[Extracted information — start]

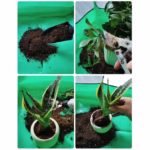 Covoras de Gradinarit, Flippy, pentru Cultivarea Plantelor si Schimbarea Solului, din Panza Ingrosata, 50x50 cm, Pliabil, Verde - imagine 5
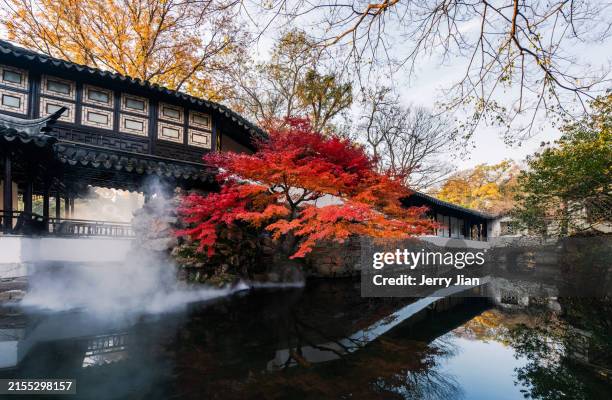 suzhou gardens in autumn - ahorn stock-fotos und bilder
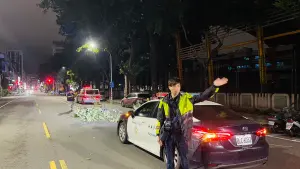 強風吹倒近百路樹 樹枝掉落高雄騎士摔車掛彩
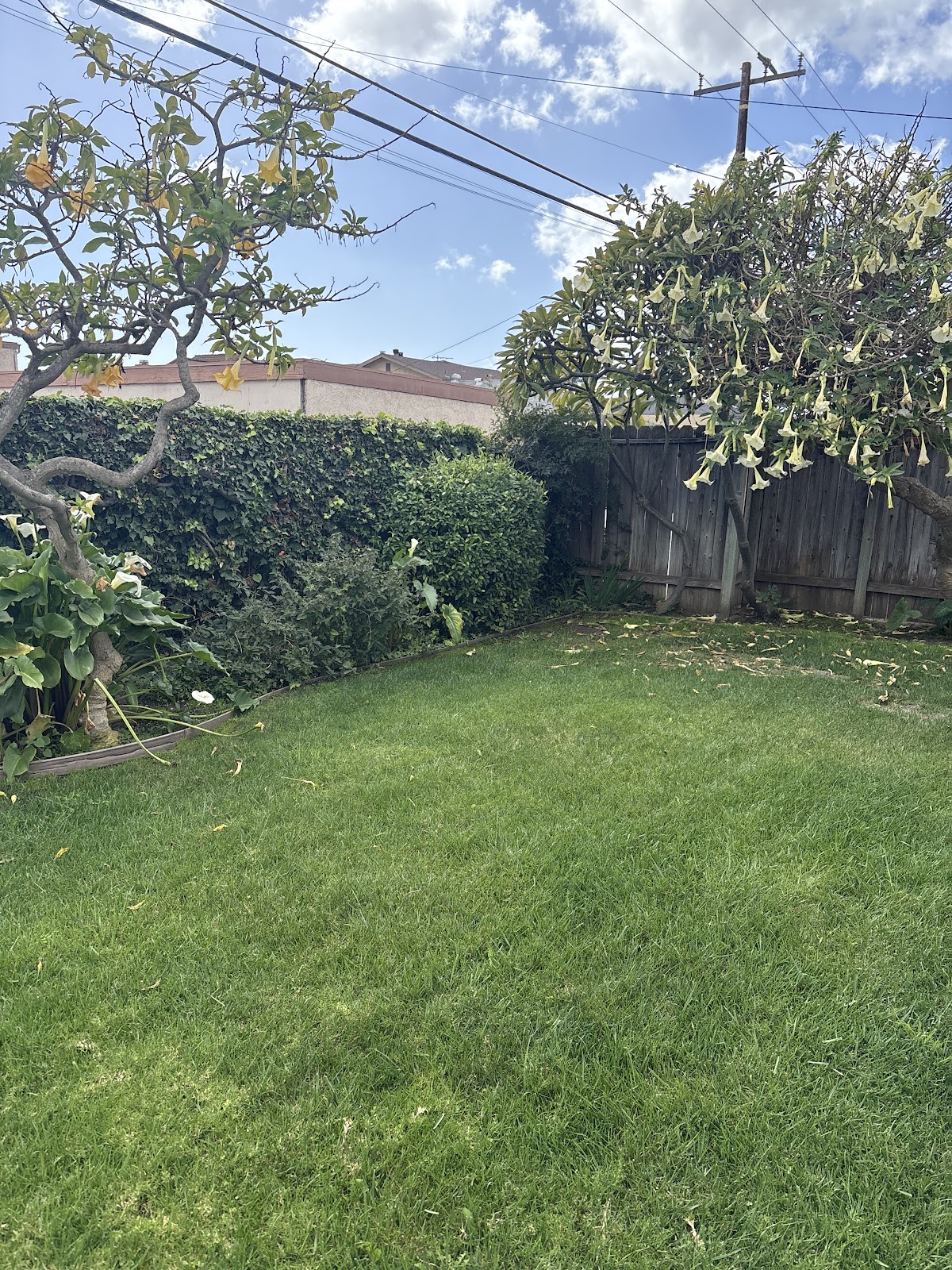 Oopsy Scoop - Photo 2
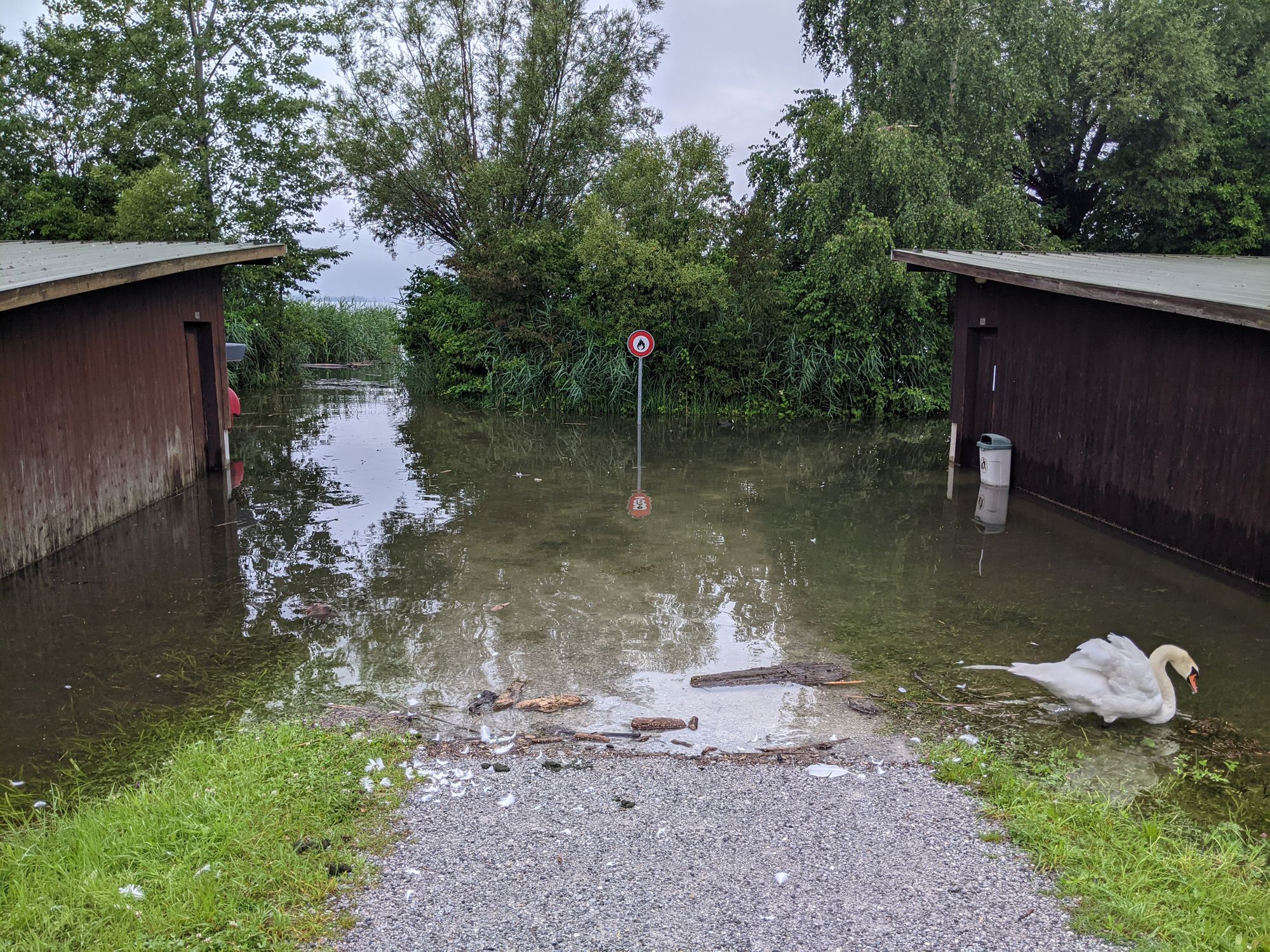 Hochwasser im Hafen Rheinkies in Schmerikon (Foto: Thomas Müller, 8716.ch)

[Extracted information — finish]

▶ [Your task]:
Although the records contain pictures, your copy should hold only the text, reproduced exactly.

▶ [Result of this exercise]:
 Covoras de Gradinarit, Flippy, pentru Cultivarea Plantelor si Schimbarea Solului, din Panza Ingrosata, 50x50 cm, Pliabil, Verde - imagine 5
 suzhou gardens in autumn - ahorn stock-fotos und bilder
 強風吹倒近百路樹 樹枝掉落高雄騎士摔車掛彩
 Oopsy Scoop - Photo 2
 Hochwasser im Hafen Rheinkies in Schmerikon (Foto: Thomas Müller, 8716.ch)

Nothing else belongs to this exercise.